Ken Jacobs Retrospective: 2
Date: 14 October 2000 | Season: Ken Jacobs Nervous System, Leeds Film Festival 2000
KEN JACOBS RETROSPECTIVE: PROGRAMME 2
Leeds International Film Festival
Saturday 14 October 2000, at 12:30pm
TOM, TOM THE PIPER’S SON
Ken Jacobs, USA, 1969-71, 16mm, 18fps, silent, b/w, & colour, 115 min
Cinematography assistant, Jordan Meyers. Negative matching assistant, Judy Dauterman. Florence Jacobs super-assisting throughout.
We had to work at night because of our skylight, but when Jordan wasn’t asleep at his feet at the Victor, projecting at the rear screen over Flo-in-bed, his eyes were open. Thank you again, Judy, for perseverance and loving good humour, and for encouraging and helping with the addition of the sliding film section.
Original 1905 film shot and probably directed by G.W. “Billy” Bitzer (and returned from limbo, rescued via Kemp Niver refilming a deteriorated paper print filed for copyright purposes with the Library of Congress.) It is most reverently examined here, with a new movie almost incidentally coming into being.
Ghosts ! Cine-recordings of the vivacious doings of persons long dead. The preservation of their memory ceases at the edges of the frame (a 1905 hand happened to stick into the frame … it’s preserved, recorded in a spray of emulsion grains). One face passes ‘behind’ another on the two-dimensional screen.
The staging and cutting is pre-Griffith. Seven infinitely complex cine-tapestries comprise the original film, and the style is not primitive, not un-cinematic, but an inspired indication of another, alternate path of cinematic development, its values only recently rediscovered. My camera closes in only to better ascertain the infinite richness (playing with fate, taking advantage of the loop-character of all movies, recalling and varying some visual complexes again and again for particular savouring), searching out incongruities in the story-telling (a person, confused, suddenly looks out of an actor’s face), delighting in the whole bizarre human phenomena of story-telling itself and this within the fantasy of reading any bygone time out of the visual crudities of film: dream within a dream!
And then I wanted to show the actual present of the film, just begin to indicate its energy.
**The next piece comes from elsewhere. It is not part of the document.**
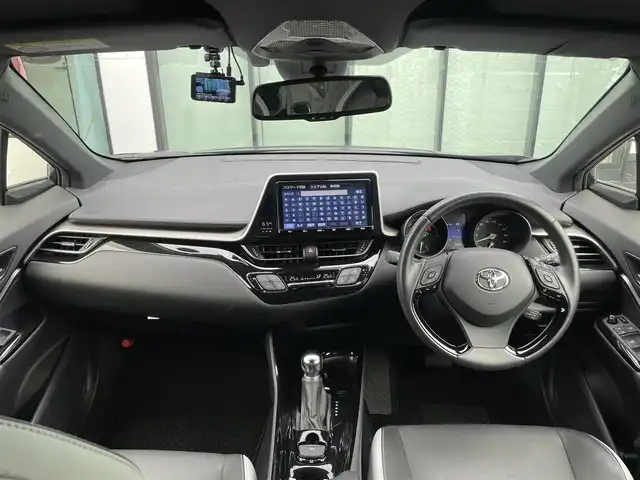 トヨタ Ｃ－ＨＲ G モード ネロ 香川県 2019(平31)年 3.1万km ブラックマイカ 登録時走行距離；30213km/９インチ純正ナビ/前後ドライブレコーダー/ＥＴＣ/衝突軽減システム/レーンキープアシスト/ブラインドスポットモニター/クルーズコントロール/オートマチックハイビーム/革巻きステアリング/ステアリングスイッチ/シートヒーター/純正フロアマット/ドアバイザー/スマートキー/プッシュスタート
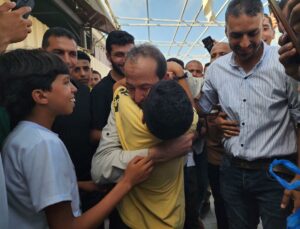 İsrail, Gazze’den alıkoyduğu 35 Filistinliyi serbest bıraktı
A train of images passes like enough and different enough to imply to the mind that its eyes are seeing an arm lift, or a door close; I wanted to “bring to the surface” that multi-rhythmic collision-contesting of dark and light two-dimensional force-areas struggling edge to edge for identity of shape … to get into the amoebic grain pattern itself – a chemical dispersion pattern unique to each frame, each cold still … stirred to life by a successive 16-24 f.p.s. pattering on our retinas, the teeming energies elicited (the grains ! the brains !) then collaborating, unknowingly and ironically, to create the always-poignant-because-always-past illusion.
(Ken Jacobs, statement in “Films That Tell Time: A Ken Jacobs Retrospective”, American Museum of the Moving Image, 1989)
“Anamnesis is a technical term referring to the recovery of anxiety-provoking incidents, a process that appropriately describes Jacobs’s extensive record of reworking of found footage. It begins in 1955 with the purchase of an analytical projector capable of variable speed projection in both forward and reverse. Evenings spent “toying” with this device, exploring the ‘inner workings” of the movie image culminated in the production of Tom, Tom the Piper’s Son (1969-71), a two-hour visual exegesis of a ten-minute 1905 Biograph Company film shot by Billy Bitzer. Still his best-known work, Tom, Tom became critically ensconced as an avatar of the minimalist trend in avant-garde cinema dubbed Structural Film, a label Jacobs vehemently rejects. His object, as it were, was not a dry demonstration of mechanical properties of the medium but a magical raising of the dead: “Ghosts! Cine-recordings of the vivacious doings of persons long dead.” Refilming the Billy Bitzer tableaux, pictorially modelled after Hogarth, Jacobs slows down and isolates individual figures, capturing their casual distractions, their sensual movements and metaphoric encounters with other actors or props. He freeze-frames, reverses the motion, delves into ostensibly blank portions of painted backdrops.
“The humorous market day fable of the original is transformed into a truly carnivalesque parade of outlandish poses melting into authentic gestures of pleasure and vice versa, a hide-and-seek game of narrative role-playing ballasted by abstract shapes and balletic repetitions. As a side dish to Jacobs’s swelling feast, the art-historically inclined viewer is treated to a successive evocation of compositional styles, a selective review of modern painting that runs from Goya to the Impressionists and Seurat to Abstract Expressionists such as Franz Kline. Hidden archaeological details of the original are played against the constant recognition of moment-to-moment processes of refilming: flares, the foregrounded projector bulb, the placement of the translucent screen and, in a sequence shot in colour, a plant decorating the filmmaker’s loft. The ebb and flow of temporal strata is matched by the play of flatness and illusionistic depth.”